Biraz sonra maçların olacağı yere varmıştık. Servisten inmeden önce Enver hoca kısa bir konuşma yapmıştı. "Çocuklar burada okulunuzu temsil ediyorsunuz her ne kadar takımlar karışık olsada. O yüzden elinizden gelenin en iyisini istiyorum. Başarılar çocuklar." dedi ve servisten indik.
Kızlar soyunma odasına gidip üzerimi değiştim. Dizliklerimi geçirdim çok oyalanmadan ısınmaya başlamıştım. Topla ısınıyorduk ve karşımda Hazal vardı. Toptan çıkardığım sinirimin farkına varması isteyeceğim son şeydi.

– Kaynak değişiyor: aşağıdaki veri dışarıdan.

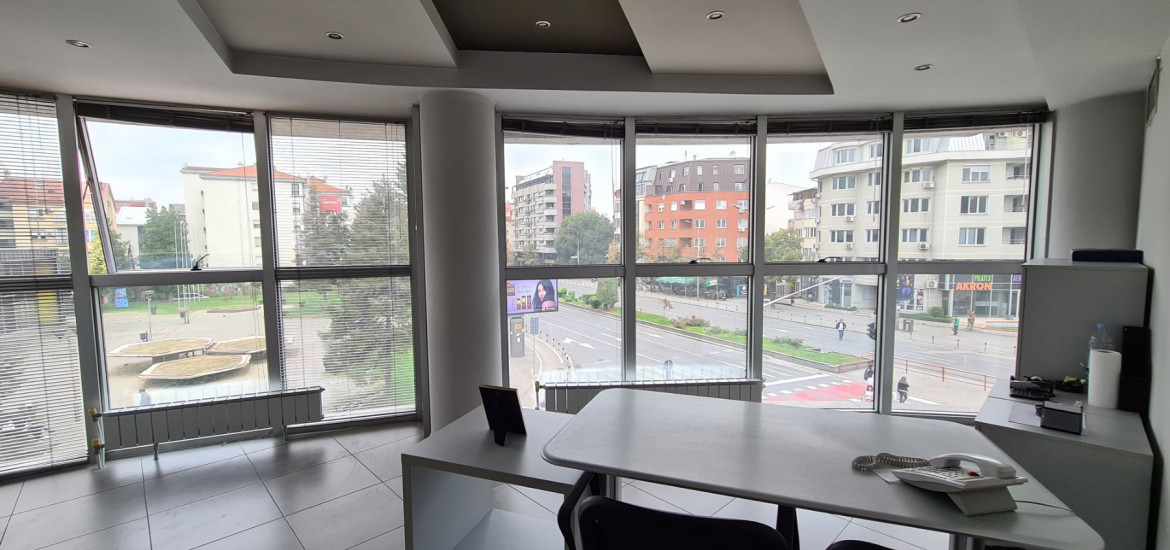 deloven prostor na odlicna lokacija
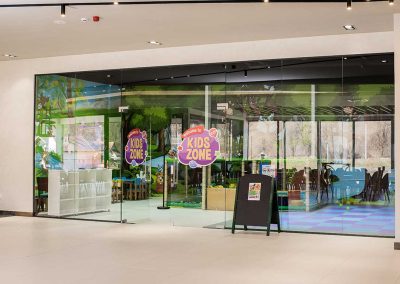 Glass sistem sa mimokretnim vratima - Kristal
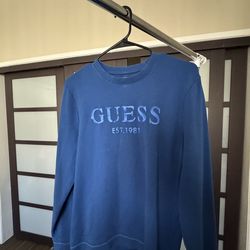 Guess men’s sweater size M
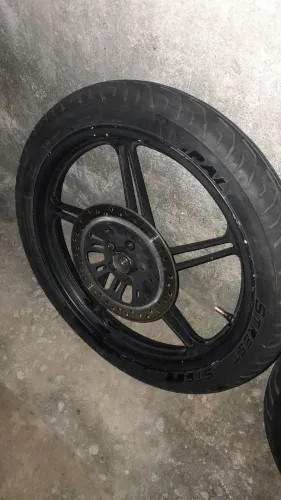 Vendo Roda dianteira fan 150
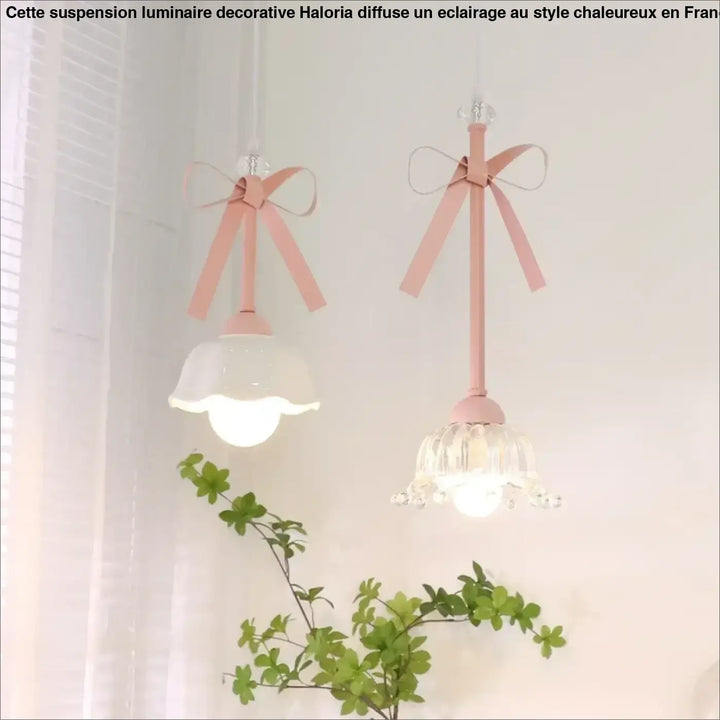 Suspension luminaire sissi avec abat-jour en verre floral et nœud décoratif rose poudré en tissu sur câbles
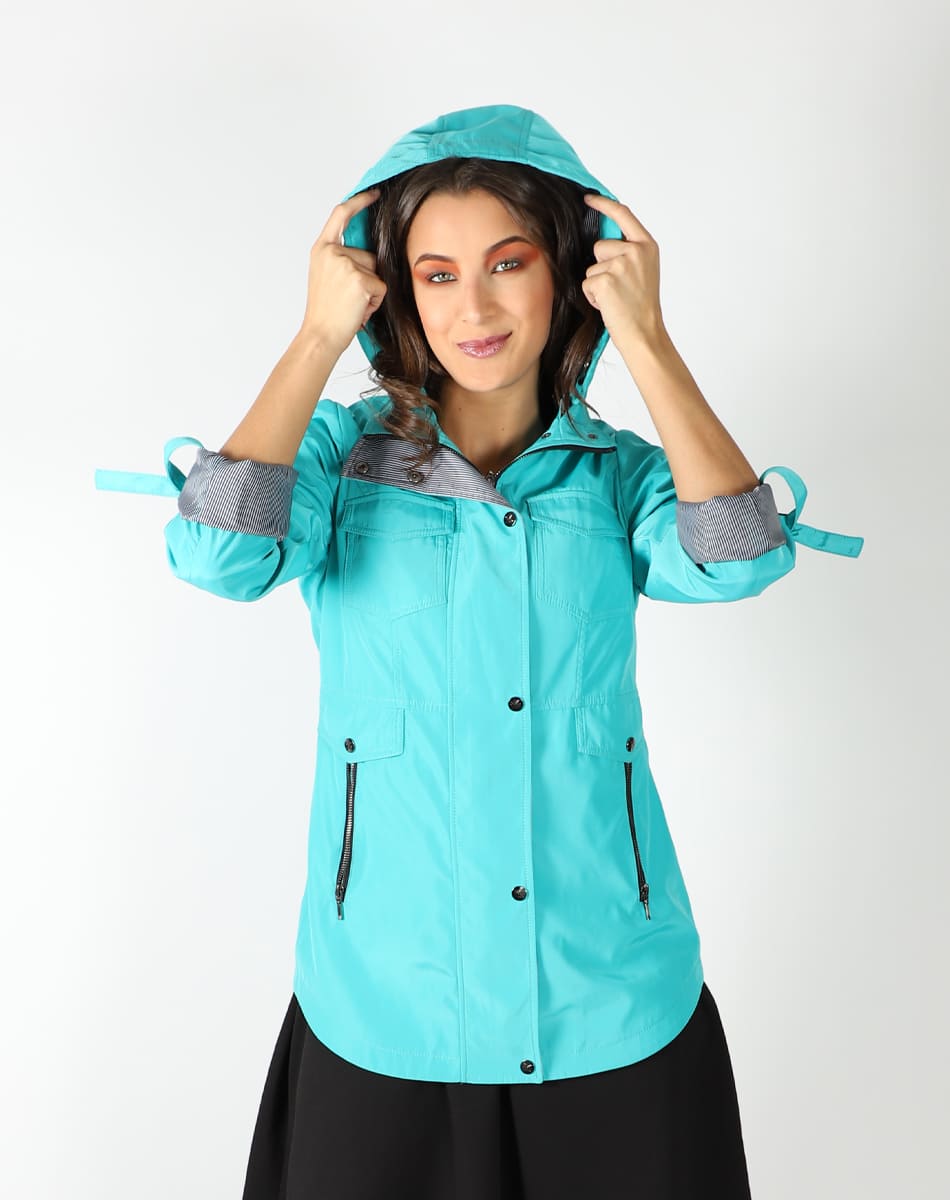 Trench coat with detachable cap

Maçın başlaması için gereken düdük çalmıştı. Klasik selamlarımızı vermiştik. Takımın kaptanıydım. Okulda da klüptede kendi grubumda kaptandım. Koç bana güveniyordu. Kaptanlık bandını alıp bana takmıştı. Oyuna yerleştik. Düdük çaldı ve maç başladı.
Rekabet fazla yoktu. Hazal oyundaydı ve 15 sayı kaybettirmişti. Moralim pek yerinde değildi.
İlk seti kaybetmiştik ve Hazal kendi hatalarına bakmadan benim yaptığım ufak hataları eleştiriyordu. İlk set bitmeden koç mola aldı.
"Çocuklar bırakın ilk set onların olsun toparlanın, silkelenin ve kendinize gelin."
Yerimize döndük ve oyuna devam ettik. Salona Arda, İsak ve Demir girmişti. Tribünlerden birine geçtiler. Oyun akıyordu ve oyun aktıkça Hazal hatalarına devam ediyordu. Sinir kat sayım gittikçe artıyordu. Kalbim gittikçe çarpıyordu. Patlamamak için çok zor duruyordum.
Seti vermiştik. Üzgün triplerine girip Demir'in yanına giden Hazal. "BRAVO HAZAL!" diyerek seviçle bağırınca son damla damlamıştı.
"Koç al beni oyundan." dedim. Yürüdüm ve Hazal'ın yanından geçtim yanlarından geçerken Arda beni fark etmemişti. Umrumda değildi. Aklımdan geçen tek şey Hazal'ın yerinde olmak istediğimdi. Aptallıktı.
Sevdiğim çocukla çıkıyordu, seviliyordu. Tüm hatalarına rağmen değerli olduğunu hissettiren birileri vardı. Düştüğünde her zaman elinden tutacak birileri vardı. Harika bir aile ortamı. Her şeye rağmen onu seven bir annesi özleyen bir babası vardı. Benim yoktu. Bırakın aileyi, sevgiliyi, arkadaşım bile yoktu. Beni her şeye rağmen destekleyecek.